Approximately 80 volunteers have been commissioned as Parent Mentors by the National Parenting Support Commission (NPSC) to provide assistance to families.
The mentors, who were trained through 10 modules over several weeks, will help to guide parents in proper disciplinary measures and offer other means of support.
Minister of Education and Youth, Hon. Fayval Williams, commended the volunteers from various communities across the island, for coming forward as parent mentors.
The Minister was delivering the keynote address at the recent graduation ceremony held at the Jamaica Pegasus Hotel in New Kingston.
She said that anecdotal media reports and studies confirm that some parents need targeted guidance and coaching in raising their children.
She cited a United Nations Children Fund (UNICEF) report, which indicates that up to 80 per cent of Jamaican children experience violence in all forms at home and 65 per cent encounter bullying at school.
“The factors that cause parents not to be as effective as they should be vary, ranging from social and economic challenges that can lead to high levels of stress, which are then manifested and transferred as aggression towards children, and acceptance of cultural behaviour as normal, when in fact, they are not,” she pointed out.

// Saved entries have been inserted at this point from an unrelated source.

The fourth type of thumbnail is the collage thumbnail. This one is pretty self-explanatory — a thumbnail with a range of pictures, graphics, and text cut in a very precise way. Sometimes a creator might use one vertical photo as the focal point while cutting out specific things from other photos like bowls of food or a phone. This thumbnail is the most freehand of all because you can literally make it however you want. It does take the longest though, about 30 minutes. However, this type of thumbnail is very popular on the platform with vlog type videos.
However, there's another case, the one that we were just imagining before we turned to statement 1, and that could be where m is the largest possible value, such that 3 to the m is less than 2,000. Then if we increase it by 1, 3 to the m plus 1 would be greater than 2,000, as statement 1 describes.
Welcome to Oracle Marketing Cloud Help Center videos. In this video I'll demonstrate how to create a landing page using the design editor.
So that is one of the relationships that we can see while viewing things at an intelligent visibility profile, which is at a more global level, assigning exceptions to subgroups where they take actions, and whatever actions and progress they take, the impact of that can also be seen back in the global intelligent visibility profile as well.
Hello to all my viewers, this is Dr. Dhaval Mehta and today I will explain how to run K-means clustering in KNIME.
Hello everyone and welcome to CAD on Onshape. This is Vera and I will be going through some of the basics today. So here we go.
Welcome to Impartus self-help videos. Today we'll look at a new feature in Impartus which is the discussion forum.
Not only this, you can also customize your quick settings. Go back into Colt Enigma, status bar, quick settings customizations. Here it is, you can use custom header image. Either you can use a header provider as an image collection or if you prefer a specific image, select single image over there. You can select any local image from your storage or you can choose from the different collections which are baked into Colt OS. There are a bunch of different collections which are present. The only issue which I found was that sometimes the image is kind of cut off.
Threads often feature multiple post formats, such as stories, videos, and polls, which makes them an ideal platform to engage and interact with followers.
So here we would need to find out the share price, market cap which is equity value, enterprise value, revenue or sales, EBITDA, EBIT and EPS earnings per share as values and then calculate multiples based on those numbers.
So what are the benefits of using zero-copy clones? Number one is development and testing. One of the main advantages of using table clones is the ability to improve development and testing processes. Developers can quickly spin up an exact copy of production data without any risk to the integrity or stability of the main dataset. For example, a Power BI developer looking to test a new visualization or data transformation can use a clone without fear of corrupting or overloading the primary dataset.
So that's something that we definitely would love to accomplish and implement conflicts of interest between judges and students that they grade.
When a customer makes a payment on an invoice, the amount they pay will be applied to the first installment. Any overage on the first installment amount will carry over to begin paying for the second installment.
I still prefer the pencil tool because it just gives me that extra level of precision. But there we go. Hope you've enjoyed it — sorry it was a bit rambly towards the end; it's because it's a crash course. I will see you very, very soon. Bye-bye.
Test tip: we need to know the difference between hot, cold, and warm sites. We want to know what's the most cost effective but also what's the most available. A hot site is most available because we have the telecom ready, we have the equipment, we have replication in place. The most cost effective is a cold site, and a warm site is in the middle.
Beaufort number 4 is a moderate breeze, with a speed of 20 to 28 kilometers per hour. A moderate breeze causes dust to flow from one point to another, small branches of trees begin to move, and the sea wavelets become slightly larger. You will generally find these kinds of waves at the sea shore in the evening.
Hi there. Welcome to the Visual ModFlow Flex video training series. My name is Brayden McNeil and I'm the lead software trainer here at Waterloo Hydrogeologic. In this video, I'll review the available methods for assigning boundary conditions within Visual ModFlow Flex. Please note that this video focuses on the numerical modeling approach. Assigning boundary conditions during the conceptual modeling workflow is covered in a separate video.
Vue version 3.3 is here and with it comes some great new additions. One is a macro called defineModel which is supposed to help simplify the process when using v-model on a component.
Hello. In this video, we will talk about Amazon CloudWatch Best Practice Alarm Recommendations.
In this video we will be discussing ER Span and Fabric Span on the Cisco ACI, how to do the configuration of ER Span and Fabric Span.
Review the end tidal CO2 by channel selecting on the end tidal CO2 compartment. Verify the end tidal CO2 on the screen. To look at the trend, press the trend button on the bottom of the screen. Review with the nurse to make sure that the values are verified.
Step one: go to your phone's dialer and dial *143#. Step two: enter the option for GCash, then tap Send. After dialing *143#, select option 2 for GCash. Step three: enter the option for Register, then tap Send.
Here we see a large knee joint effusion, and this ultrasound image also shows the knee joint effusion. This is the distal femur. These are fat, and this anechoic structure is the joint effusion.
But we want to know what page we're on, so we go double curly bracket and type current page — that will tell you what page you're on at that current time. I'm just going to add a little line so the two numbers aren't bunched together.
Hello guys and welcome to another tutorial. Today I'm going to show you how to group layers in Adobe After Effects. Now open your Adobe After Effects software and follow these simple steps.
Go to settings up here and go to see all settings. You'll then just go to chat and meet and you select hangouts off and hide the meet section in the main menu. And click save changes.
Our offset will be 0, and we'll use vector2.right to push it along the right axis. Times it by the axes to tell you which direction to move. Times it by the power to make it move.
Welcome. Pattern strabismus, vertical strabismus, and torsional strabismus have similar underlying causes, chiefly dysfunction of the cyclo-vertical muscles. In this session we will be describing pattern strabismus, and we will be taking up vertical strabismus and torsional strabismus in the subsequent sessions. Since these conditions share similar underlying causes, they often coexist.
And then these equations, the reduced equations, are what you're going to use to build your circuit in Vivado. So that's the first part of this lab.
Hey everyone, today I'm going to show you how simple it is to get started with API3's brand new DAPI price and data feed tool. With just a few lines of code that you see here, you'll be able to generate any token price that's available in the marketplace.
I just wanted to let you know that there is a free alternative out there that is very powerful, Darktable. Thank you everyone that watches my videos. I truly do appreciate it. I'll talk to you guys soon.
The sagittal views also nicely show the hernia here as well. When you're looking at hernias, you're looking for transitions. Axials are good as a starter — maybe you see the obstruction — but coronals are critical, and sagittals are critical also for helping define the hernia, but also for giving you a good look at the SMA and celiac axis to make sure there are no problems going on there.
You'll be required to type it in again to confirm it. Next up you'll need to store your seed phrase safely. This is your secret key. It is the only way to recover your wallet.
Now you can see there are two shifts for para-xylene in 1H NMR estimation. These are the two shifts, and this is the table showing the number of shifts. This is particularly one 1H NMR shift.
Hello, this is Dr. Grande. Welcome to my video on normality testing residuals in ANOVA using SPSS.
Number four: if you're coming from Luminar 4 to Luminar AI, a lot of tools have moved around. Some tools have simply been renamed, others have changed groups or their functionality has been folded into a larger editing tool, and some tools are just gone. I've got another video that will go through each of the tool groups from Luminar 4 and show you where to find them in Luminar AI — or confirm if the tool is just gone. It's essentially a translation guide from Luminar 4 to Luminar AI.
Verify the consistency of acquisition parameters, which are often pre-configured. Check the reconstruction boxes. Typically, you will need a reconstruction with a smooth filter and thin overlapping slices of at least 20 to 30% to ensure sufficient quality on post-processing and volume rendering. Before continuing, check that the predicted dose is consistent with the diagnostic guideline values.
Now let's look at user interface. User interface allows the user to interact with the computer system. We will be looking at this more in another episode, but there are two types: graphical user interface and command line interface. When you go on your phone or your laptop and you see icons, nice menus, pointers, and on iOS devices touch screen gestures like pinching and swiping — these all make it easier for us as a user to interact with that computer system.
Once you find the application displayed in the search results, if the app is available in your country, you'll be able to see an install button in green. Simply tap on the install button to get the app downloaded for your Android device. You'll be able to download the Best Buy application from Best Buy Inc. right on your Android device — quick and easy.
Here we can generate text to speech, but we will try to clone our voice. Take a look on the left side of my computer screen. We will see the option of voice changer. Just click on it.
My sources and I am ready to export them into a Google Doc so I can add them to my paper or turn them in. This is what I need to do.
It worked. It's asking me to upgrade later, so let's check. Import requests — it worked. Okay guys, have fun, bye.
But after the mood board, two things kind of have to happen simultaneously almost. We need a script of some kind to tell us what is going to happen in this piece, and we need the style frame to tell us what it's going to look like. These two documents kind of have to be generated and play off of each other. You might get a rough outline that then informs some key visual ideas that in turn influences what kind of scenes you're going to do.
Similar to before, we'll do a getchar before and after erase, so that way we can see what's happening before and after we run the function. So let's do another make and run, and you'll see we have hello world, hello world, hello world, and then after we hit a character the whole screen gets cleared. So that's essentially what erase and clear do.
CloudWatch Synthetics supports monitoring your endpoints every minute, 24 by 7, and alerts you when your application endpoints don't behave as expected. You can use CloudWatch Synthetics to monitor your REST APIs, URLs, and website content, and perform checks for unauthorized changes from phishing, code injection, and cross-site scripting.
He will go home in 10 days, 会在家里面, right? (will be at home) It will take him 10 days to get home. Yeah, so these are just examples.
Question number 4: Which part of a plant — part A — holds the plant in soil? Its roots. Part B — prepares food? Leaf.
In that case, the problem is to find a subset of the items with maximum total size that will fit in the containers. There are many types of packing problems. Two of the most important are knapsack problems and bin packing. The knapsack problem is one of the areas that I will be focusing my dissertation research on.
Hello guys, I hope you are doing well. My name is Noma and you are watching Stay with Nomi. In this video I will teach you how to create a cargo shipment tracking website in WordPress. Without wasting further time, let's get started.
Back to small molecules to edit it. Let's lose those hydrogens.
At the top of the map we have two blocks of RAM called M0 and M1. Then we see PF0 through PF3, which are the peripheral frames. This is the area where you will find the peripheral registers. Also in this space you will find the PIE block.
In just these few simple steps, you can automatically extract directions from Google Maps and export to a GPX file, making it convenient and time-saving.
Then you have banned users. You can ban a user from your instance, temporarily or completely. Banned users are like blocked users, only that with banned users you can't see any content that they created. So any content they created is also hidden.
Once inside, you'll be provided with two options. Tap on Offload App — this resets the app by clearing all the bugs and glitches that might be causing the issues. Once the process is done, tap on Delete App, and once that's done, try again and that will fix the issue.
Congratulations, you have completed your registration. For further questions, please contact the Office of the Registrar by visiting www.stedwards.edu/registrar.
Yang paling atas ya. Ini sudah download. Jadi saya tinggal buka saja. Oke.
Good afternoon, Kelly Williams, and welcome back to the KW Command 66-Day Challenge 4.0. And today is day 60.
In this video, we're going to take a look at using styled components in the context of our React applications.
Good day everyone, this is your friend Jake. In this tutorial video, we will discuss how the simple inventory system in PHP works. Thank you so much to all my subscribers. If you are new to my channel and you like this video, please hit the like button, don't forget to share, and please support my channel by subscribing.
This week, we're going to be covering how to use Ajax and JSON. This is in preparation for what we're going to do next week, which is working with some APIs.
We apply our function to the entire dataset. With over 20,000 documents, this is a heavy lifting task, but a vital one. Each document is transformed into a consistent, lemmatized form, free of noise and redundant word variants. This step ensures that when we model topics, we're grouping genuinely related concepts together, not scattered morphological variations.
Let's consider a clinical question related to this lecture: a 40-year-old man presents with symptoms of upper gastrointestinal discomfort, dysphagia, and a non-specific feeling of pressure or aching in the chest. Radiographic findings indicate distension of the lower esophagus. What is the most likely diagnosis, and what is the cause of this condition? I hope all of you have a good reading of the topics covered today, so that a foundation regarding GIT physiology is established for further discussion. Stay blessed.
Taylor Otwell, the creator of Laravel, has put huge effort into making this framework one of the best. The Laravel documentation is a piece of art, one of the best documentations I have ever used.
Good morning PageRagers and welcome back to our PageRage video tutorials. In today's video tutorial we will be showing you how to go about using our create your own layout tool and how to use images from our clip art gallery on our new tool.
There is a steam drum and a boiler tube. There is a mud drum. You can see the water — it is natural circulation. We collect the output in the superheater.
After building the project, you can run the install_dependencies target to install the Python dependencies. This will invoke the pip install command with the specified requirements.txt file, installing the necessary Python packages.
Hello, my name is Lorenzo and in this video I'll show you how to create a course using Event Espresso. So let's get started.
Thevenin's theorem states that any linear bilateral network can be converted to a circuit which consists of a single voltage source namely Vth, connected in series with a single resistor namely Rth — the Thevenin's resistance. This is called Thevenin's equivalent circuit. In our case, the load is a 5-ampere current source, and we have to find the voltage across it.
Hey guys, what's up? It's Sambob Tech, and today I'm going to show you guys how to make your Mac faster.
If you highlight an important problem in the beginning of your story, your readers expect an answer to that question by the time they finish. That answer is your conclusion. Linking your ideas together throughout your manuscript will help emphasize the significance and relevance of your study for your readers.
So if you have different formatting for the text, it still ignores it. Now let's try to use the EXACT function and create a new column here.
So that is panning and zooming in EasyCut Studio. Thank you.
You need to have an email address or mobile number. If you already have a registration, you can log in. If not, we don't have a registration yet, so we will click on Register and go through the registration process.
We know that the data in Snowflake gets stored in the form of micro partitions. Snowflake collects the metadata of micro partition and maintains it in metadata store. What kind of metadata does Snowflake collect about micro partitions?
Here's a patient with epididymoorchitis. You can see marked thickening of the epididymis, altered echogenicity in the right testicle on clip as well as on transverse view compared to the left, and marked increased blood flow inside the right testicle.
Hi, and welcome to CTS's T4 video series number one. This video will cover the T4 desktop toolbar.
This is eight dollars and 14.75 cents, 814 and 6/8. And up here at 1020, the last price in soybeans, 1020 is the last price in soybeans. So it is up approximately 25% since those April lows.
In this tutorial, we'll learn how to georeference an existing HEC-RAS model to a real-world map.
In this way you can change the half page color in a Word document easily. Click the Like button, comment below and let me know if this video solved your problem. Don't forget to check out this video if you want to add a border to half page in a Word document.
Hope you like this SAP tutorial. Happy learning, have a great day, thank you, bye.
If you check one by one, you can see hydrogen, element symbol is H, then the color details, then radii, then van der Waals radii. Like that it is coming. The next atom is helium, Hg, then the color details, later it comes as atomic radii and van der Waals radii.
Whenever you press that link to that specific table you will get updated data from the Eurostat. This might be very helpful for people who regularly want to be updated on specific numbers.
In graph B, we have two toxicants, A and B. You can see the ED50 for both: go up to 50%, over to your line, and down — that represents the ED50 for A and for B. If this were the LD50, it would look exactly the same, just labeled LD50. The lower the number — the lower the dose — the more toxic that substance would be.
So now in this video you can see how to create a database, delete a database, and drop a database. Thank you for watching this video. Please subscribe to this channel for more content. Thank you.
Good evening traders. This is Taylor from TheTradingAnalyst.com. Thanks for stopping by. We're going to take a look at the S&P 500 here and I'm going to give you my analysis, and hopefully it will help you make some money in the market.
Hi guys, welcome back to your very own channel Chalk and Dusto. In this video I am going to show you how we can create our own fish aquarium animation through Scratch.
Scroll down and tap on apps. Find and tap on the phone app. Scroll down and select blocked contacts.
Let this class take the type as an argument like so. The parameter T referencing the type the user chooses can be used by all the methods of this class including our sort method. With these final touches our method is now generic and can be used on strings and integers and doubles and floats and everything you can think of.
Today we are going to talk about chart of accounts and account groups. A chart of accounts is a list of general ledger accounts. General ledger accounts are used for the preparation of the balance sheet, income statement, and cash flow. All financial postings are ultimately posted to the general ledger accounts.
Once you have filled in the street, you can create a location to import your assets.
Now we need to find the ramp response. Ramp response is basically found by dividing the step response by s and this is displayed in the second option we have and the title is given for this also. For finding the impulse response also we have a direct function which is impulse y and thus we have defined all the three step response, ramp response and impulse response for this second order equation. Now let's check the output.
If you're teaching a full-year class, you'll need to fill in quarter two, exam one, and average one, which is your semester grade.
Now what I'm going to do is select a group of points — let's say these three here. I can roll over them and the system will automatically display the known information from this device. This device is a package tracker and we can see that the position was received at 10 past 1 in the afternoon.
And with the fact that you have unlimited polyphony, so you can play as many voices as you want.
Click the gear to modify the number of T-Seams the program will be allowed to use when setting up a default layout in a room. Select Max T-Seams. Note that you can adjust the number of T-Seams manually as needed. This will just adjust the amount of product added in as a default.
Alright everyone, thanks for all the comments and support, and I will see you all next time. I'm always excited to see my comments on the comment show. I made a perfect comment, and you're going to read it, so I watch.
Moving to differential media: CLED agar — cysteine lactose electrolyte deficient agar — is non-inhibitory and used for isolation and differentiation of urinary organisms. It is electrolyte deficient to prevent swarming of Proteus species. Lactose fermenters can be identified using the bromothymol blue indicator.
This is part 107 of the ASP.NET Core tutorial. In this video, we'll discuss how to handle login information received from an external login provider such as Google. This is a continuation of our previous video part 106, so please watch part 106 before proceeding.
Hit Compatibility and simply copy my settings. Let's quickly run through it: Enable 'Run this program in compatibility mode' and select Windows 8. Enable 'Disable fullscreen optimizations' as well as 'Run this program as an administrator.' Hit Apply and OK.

Mrs. Williams informed that the Ministry is seeking funding for a programme that would “allow at least 10 sessions of heavy-duty psychosocial support for parents and children.”
For her part, Chief Executive Officer of the NPSC, Kaysia Kerr, said that the parent mentorship programme remains the flagship initiative of the commission, with roughly 400 mentors across the island.
“Each mentor is mapped to several schools within a five-mile radius of where they reside and they offer support to help to build out the parental involvement framework in schools, because that’s what we’re about,” she noted.